I believe that's why they responded so powerfully to what he had to say - because that was my own personal response to a trust so fearlessly extended. That kind of gift from another person wakes up your soul.

And so I was reminded once again that we are privileged to be living in an era with this man as our leader. People like him don't come around very often...I've run into 2 during my 50+ years on this earth. Both of them were human with all of the limitations that ensures. But having wrestled with their own inadequacies, they also had the strength and courage to extend the audacity of trust.


  1. Thank you again for sustaining my hopes for peace.

  2. YESSSSSSSSS.......

    I affirm all that you have said...

    esp this....

    Since those days I've often thought about the healing power of trust. It is a powerful elixir that most of us are too fearful to extend to others - much less ourselves. We are so broken inside from our disappointments that we spend enormous amounts of energy protecting our vulnerability.

    Often folks mistake this quality to trust that PBO exhibits as weakness and naivete but actually it is a sign of his strength of spirit..

    This trip has showcased just how extraordinary is the man Barack Obama.

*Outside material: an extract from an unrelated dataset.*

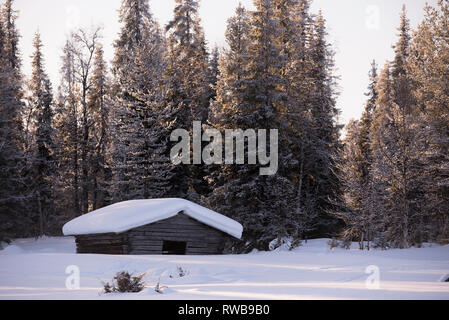 Alte Scheune im finnischen Lappland Stockfoto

  3. Have always admired your insights and cogent writing, SP. But, this essay deserves special recognition. You have extended to all of us the very trust that you eloquently describe being extended to you by Professor Anderson, and to all of us by President Obama.

    Thank you.

    #TrustBarack ... He's Earned It

  4. Wow, what a powerful post. Thank you so much SP.

  5. My sentiments exactly.

    In regards to peace, it is important to look at what we all have in common. Keeping this in mind while working out the differences is so important.

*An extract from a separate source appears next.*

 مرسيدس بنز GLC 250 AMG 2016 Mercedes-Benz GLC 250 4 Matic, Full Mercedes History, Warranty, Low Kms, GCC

    In regards to this President, although I don't agree with everything he does, I trust him, especially when it comes to foreign policy. I trust him to have the best intentions. It's been awhile since I've been able to say that about an American President. Intentions are important because they can influence the outcome significantly. It's no coincidence that the Iraq War turned out to be the disaster it was. Our intentions with that war were murky, false, and deceptive. The same could be said about the Afghan War, too.

    Trust is a very tricky thing. It can make you vulnerable, but at the same time, if you don't place it in something, you're just as vulnerable. It's all about not just trusting the first person who yells the loudest. It's about placing it in those who deserve it. And as, Bobfr states, Obama deserves it! It should be understood that not all trust is blind and not all mistrust is based on clarity and reason. Blind mistrust (which is normally based on ignorance and prejudice) is just as bad.

    Thanks, Smartypants! As always, you're in top form.